### Data section

● ● ● ● ●

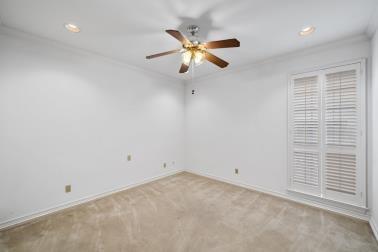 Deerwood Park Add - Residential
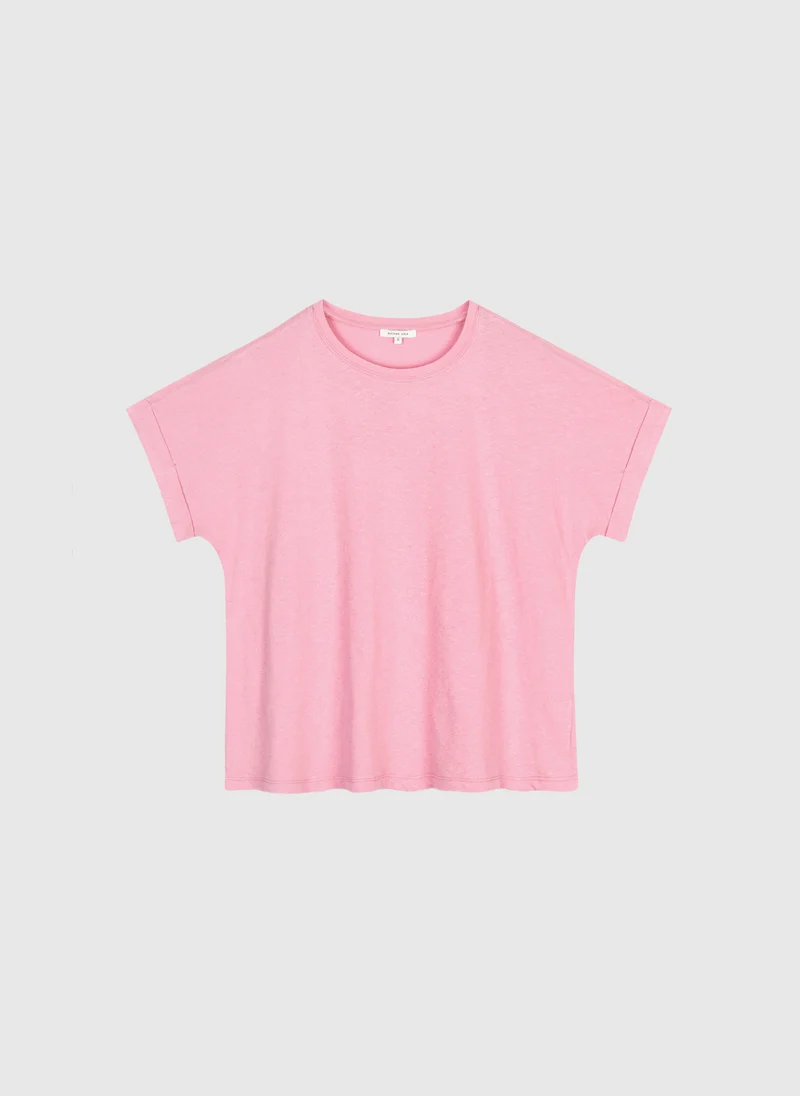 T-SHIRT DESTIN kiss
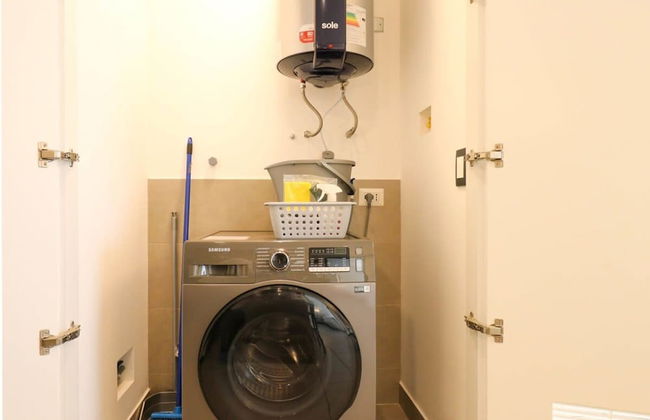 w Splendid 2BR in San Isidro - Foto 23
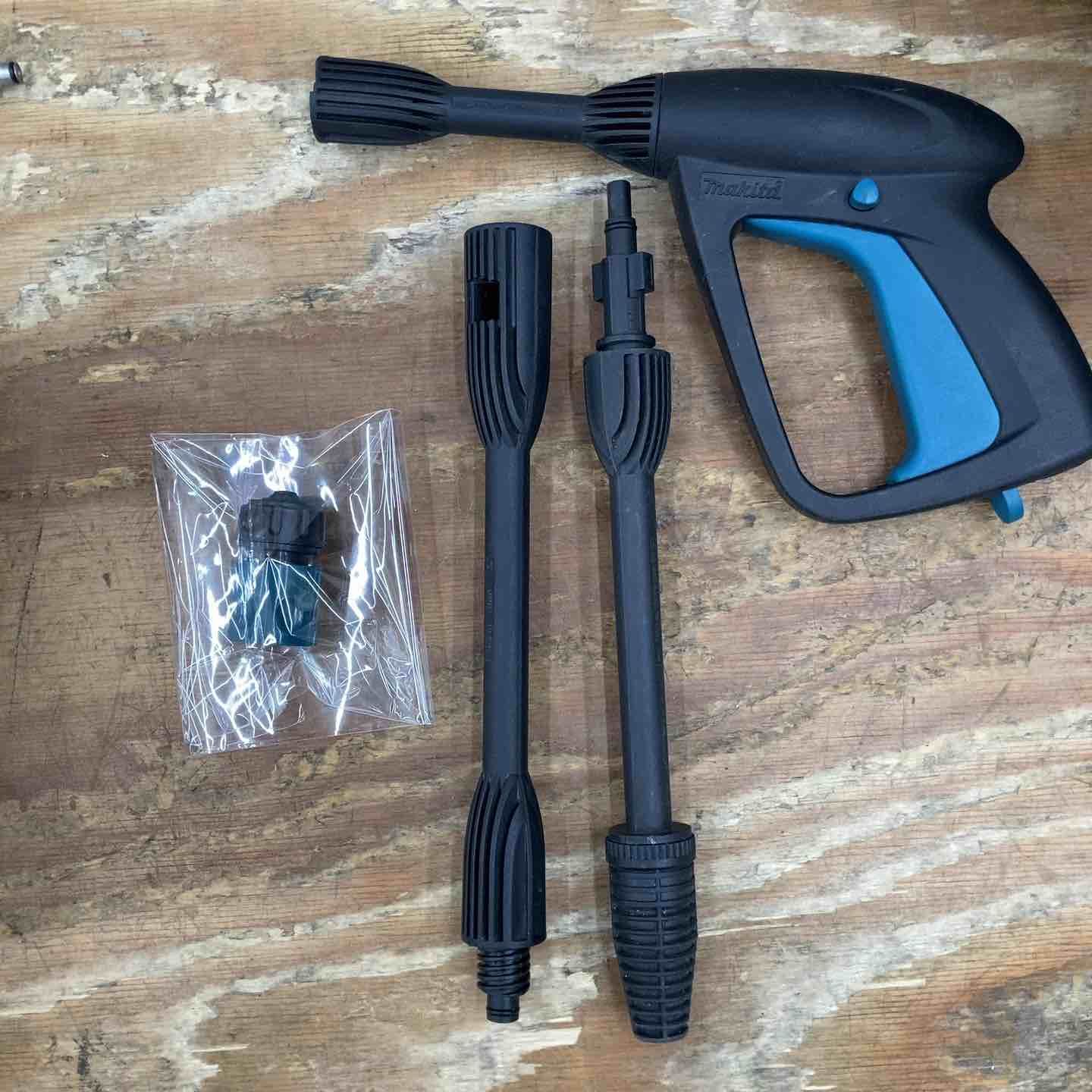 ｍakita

● ● ● ● ●

### The task
Everything in the listing above, apart from its pictures, must be repeated exactly.

### Answer
 Deerwood Park Add - Residential
 T-SHIRT DESTIN kiss
 w Splendid 2BR in San Isidro - Foto 23
 ｍakita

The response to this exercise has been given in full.